Curtain Call: Dean-Charles Chapman

facebooktwitterreddit

What kind of king do you think you’ll be?” —Tywin Lannister

A good king?” —Tommen Baratheon

Tommen did try his best to be a good king, but he was just too young, and too impressionable, and there were too many people trying to use his power for their own aims—his mother, his grandfather, his wife, his priest, his counselors. Eventually, it all just became too much. Appearing in just two fewer episodes than his on-screen brother Joffrey (Jack Gleeson), Dean-Charles Chapman’s King Tommen was everything his twisted and evil brother was not.

Tommen was kind, and cared for the people of King’s Landing. He loved his new wife dearly, while still respectfully loving his mother (something a lot of men in the real world struggle with), and he loved Ser Pounce, his cat.
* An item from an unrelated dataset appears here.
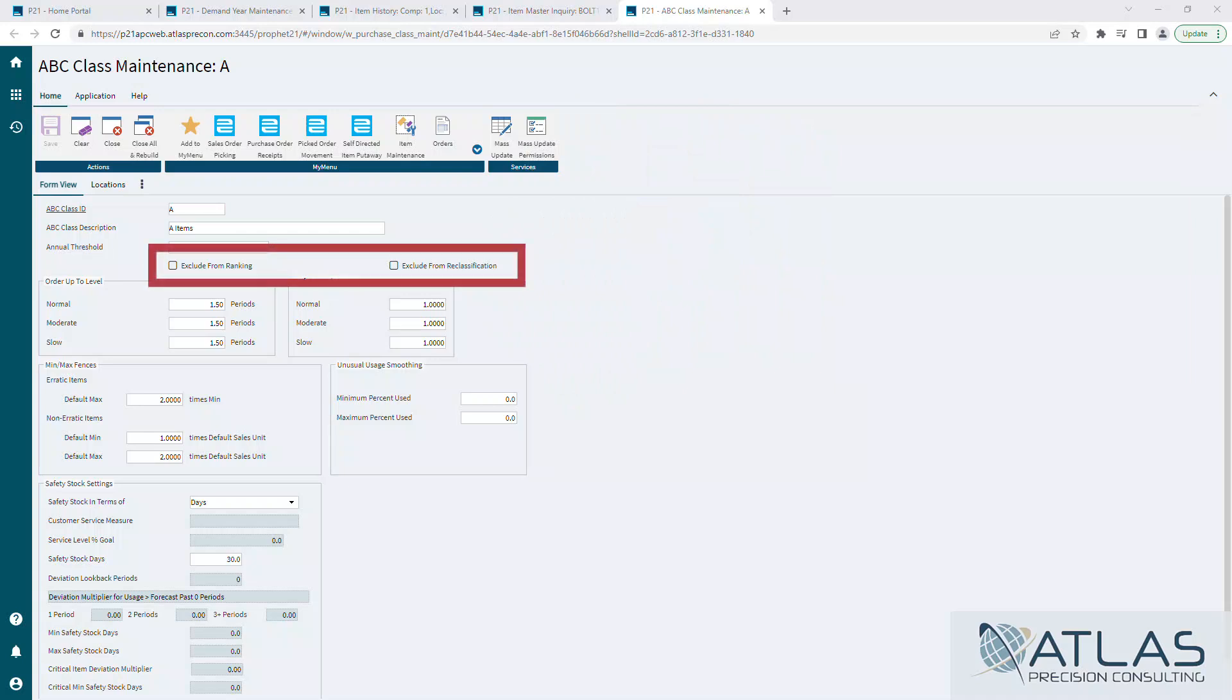Exclude from ranking and exclude from reclassification. These are important if you want to create items that are going to be outside of the norm. They're not going to fit into your ABC classes because maybe you always want to have a certain order up-to level. You always want to control a safety stock level with it. Whatever the reason is, you can check these two boxes and they will allow you to ignore them for reclassification and also to affect the ranking of the other items.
Tommen also loved the Seven gods of the Faith, and perhaps, in the end, this was his downfall.

When looking over the body of his older brother in the Great Sept of Baelor in Season 4, Lord Tywin asked Tommen what made a good king, and without hesitation, Tommen answered holiness, justice, and strength. Tywin reminded his grandson that King Baelor the Blessed was holy, but was not a very good king. Some would say that Tommen was on the path to becoming Tommen the Blessed, with the High Sparrow as his guide.

Lord Tywin also mentioned that Tommen’s own “father,” King Robert, was a paragon of strength, but was not a good king. It was then that Tommen brightened and answers his grandfather that a king must be wise. If only he had followed through with that answer, he might still be alive.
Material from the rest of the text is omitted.